Les risques de guerre étant exclus des polices aviation, AerCap a engagé une procédure judiciaire à l’encontre de ses assureurs, dont AIG et le Lloyd's de Londres.

  • Dubai Aerospace Enterprise (DAE)

Basée à Dubaï, l’entreprise de location d'avions détient et gère une flotte de 450 appareils mis à la disposition de 107 compagnies aériennes.

Après avoir subi des pertes de près de 600 millions USD pour 19 avions bloqués en Russie, DAE a intenté une action en justice à Londres contre 11 assureurs et réassureurs, dont le Lloyd's, AIG, Chubb et Swiss Re.

  • Carlyle Aviation Partners

Basée à Miami, Etats-Unis, Carlyle Aviation Partners dispose de 246 avions au service de 93 compagnies aériennes dans 53 pays. La société de location a engagé des poursuites judiciaires à l’encontre d’une douzaine de compagnies d'assurance. Cette action fait suite au refus d’indemnisation des pertes liées à la saisie de 23 avions loués à des compagnies aériennes russes.

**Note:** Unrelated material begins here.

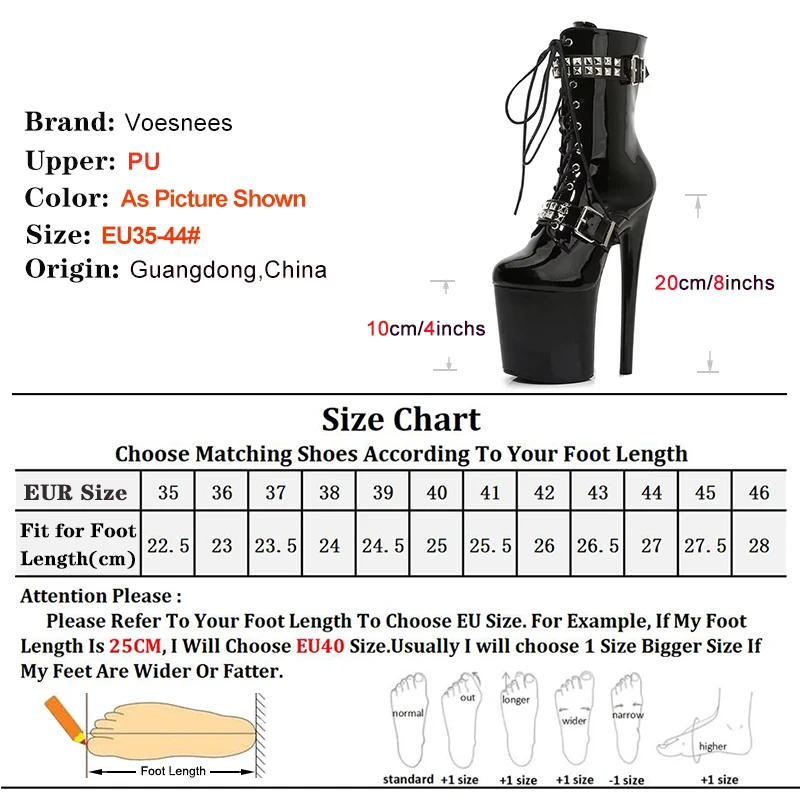 20cm/8Inchs ANKLE Boots Rivet Round Toe Women's Shoes Sexy Thin Heels Platform Nightclub Short Boots Belt Buck Heels  Stiletto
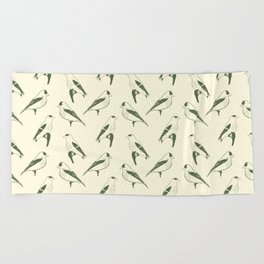 Olive green finches on cream background/ minimalist/ pattern/  Beach Towel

Parmi les assureurs concernés figurent American International Group UK, Chubb European Group et Berkshire Hathaway International Insurance. Carlyle Aviation Partners poursuit ces assureurs pour rupture de contrat et manquement aux obligations de bonne foi. Le loueur d’avions exige réparation de son préjudice qui s’élève à plusieurs centaines de millions de dollars.

Avions confisqués par la Russie et assurance aviation

Les avionneurs, transporteurs aériens et autres sociétés aérospatiales doivent obligatoirement disposer d’une police d’assurance aviation spécifique. Cette couverture concerne trois types de risque :

  • l’assurance corps d’aéronefs (Hull All Risks) qui couvre les pertes ou dommages subis par un aéronef en vol ou au sol. Sont exclus de cette couverture, les sinistres causés par les événements suivants : guerre, invasion, actes d’ennemis étrangers, hostilités déclarées ou non, confiscation, nationalisation, saisie, immobilisation, appropriation ou utilisation par ou sur ordre d’un gouvernement,
  • l’assurance responsabilité civile vis-à-vis des tiers et passagers (Aircraft Third Party Legal Liability),
  • l’assurance des risques de guerre et assimilés (Hull War Risks) prend en charge les sinistres exclus par la police Hull All Risks, à savoir la guerre, l’invasion, le terrorisme, …

Malgré le fait que la plupart des compagnies de location disposent de couvertures spécifiques risques de guerre, le marché aviation rejette, pour l’heure, la prise en charge du préjudice causé par la confiscation des avions par les sociétés russes.

Toutefois, pour parer à toute éventualité, le marché a constitué des réserves estimées à 10 - 15 milliards USD. Ces réserves excluent cependant les pertes potentielles liées aux avions saisis par les compagnies aériennes russes. Ces pertes ne seront probablement connues qu’après de longues procédures judiciaires.

Selon Moody’s la confiscation des avions devrait coûter jusqu’à 10 milliards USD au marché assurance aviation. Un quart des pertes du Lloyd’s en Ukraine proviendrait du marché aviation.

L’ampleur des dommages potentiels aura forcément une influence sur les tarifs lors des prochains renouvellements aviation. La garantie risques de guerre, lourdement impactée, pourrait atteindre des taux jamais égalés.